A dress that’s the color of marmalade
With a border embroidered in light blue cornflowers
Like the edge of a meadow after spring shower
And a matching hat round as a top you can spin
And elastic to hold it on under my chin
And brand-new shoes whiter than newly-poured cream
With heart-shaped, golden buckles that gleam;
And I’ll carry a small purse of butterfly blue
With a penny for me and a penny for you
To buy us both glasses of cold lemonade
When we walk, hand in hand, in the Easter Parade."
By William Jay Smith
I witnessed a unique parade at Kimball Elementary School in Seattle last Friday, the day before Spring Break officially started. Timing-wise it could have been an Easter parade, but in actuality it was a Small, Small World Parade. I was subbing in a second grade classroom that afternoon and we were busy learning about all sorts of eggs (robin, emu, dinosaur, etc) and creating an egg book I found on Enchanted Learning. I even showed the children how to blow eggs which could be kept forever. In the midst of the activity, parade music blared over the loudspeaker and the children jumped up screaming "Parade
They rushed to the back of the class which was open to all of the other 2nd grade classes and lined up along one side, with ill concealed anticipation. We were about to witness an international spectacle, part of the Story Path social studies curriculum which Kimball first graders had made their own.
With joyful music as its precursor, over seventy first graders appeared from around a corner, processing, one after the other throughout the school, in time to the music. The second graders were thrilled as they shouted encouragement , no doubt also reliving their own first grade experience the year before.
In preparation for this big day, students from all three first grade rooms had paired up to learn about the country of their choice. On parade day, one student carried a colorful banner representing the chosen country while his/her partner carried an ethnic "float", a small cardboard box decorated with items pertaining to that country . Many children were dressed in ethnic garb, creating a visual delight which surely would long be remembered. On and on they came, proudly carrying the fruits of their labor. More than thirty countries were represented this day, and I was amazed at the amount of prior classroom learning that must have taken place for this event.
Since it was so close to Easter I couldn't help but make a comparison to our country's first Easter Parade in New York City in the mid 1800s. That annual secular parade was a way for the exclusively white upper crust of the time to show off their new outfits and hats. Later, in 1948, a popular movie entitled Easter Parade, starring Fred Astaire and Judy Garland, was released, and Irving Berlin's song about the parade became an instant hit. To this day most people know the first line - In your Easter bonnet, with all the frills upon it, you'll be the grandest lady in the Easter parade. In my opinion it was divisive. Those that "belonged" and those that didn't. The "haves" and the "have nots". Naturally as our country has evolved so has that traditional parade. Now, according to Newstimes.com hundreds of people from around the world gather to show off their holiday finery, including some that are zany and outlandish. According to the article it is now "really a leisurely stroll up and down Fifth Avenue between 49th and 57th street. It starts in the morning and continues into the late afternoon. . . This year's parade also features activists from the gay community. Two different groups plan to meet in front of St. Patrick's Cathedral to honor those who lost their lives because of prejudice."

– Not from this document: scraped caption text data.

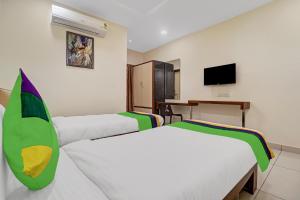 a hotel room with two beds and a television at Treebo Trend Virat Residency - US Consulate in Hyderabad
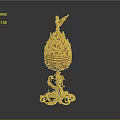 Golden egg shaped decorative ornament set with bird on top and intricate base design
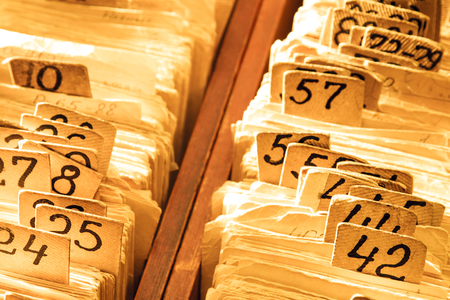 Old cards index catalog with numbers in toningの写真素材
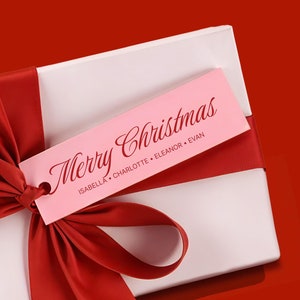 Può includere: Una scatola regalo bianca con un nastro rosso e un'etichetta regalo rosa che dice "Buon Natale" con i nomi Isabella, Charlotte, Eleanor ed Evan.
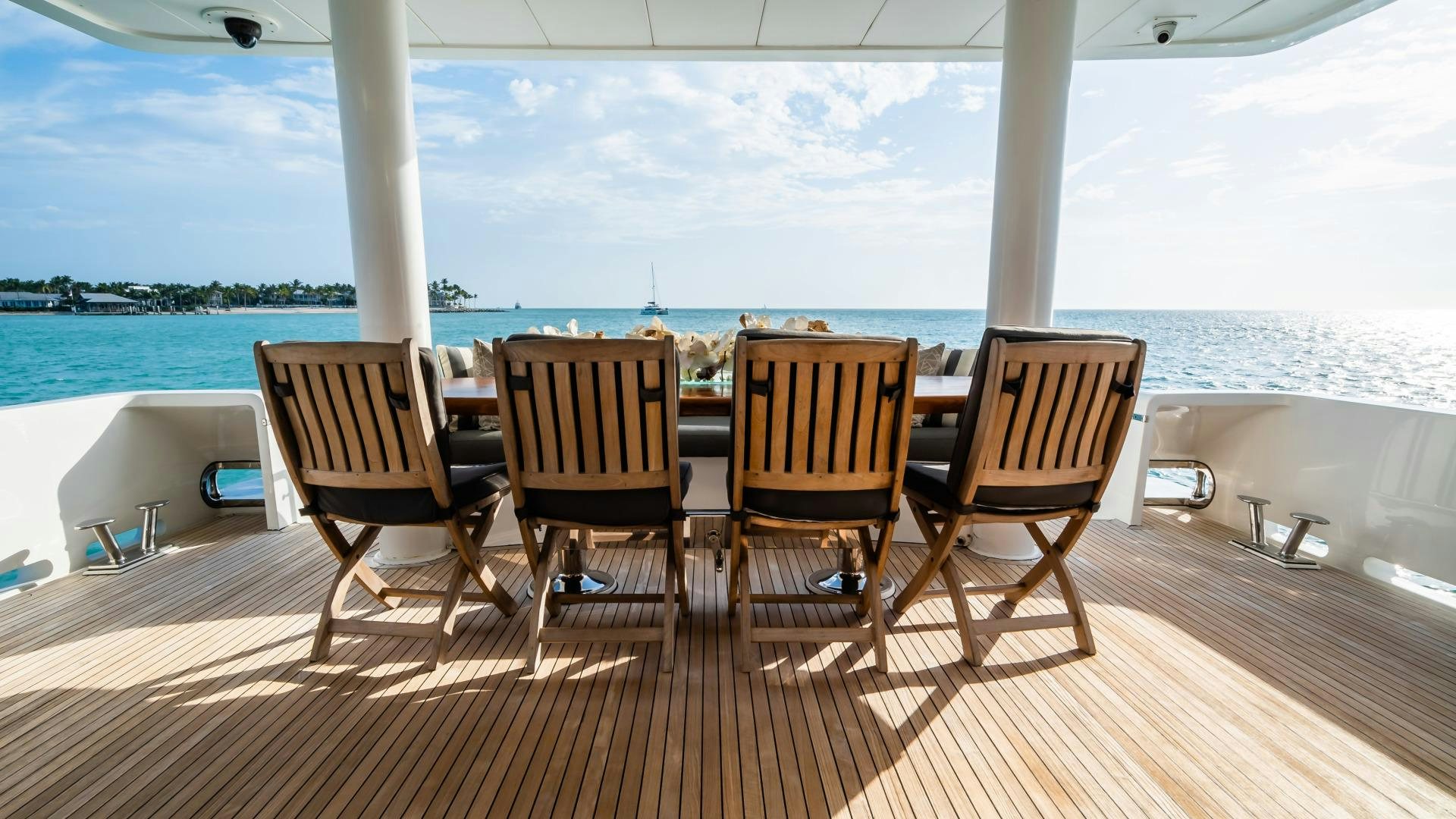 a group of chairs on a deck overlooking a body of water aboard VITESSE Yacht for Sale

We keep hearing about how dismal our educational ranking is with the rest of the world, but what I saw last Friday displayed the best of what America has to offer. We are teaching our children to care and value those of different ethnicities. To be inclusive rather than exclusive. In a shrinking world, this value is one of our strengths. Like another old popular song proclaims, 'It's a small world after all."
Happy Easter to ALL Americans, regardless of their roots, cultural, social or financial status.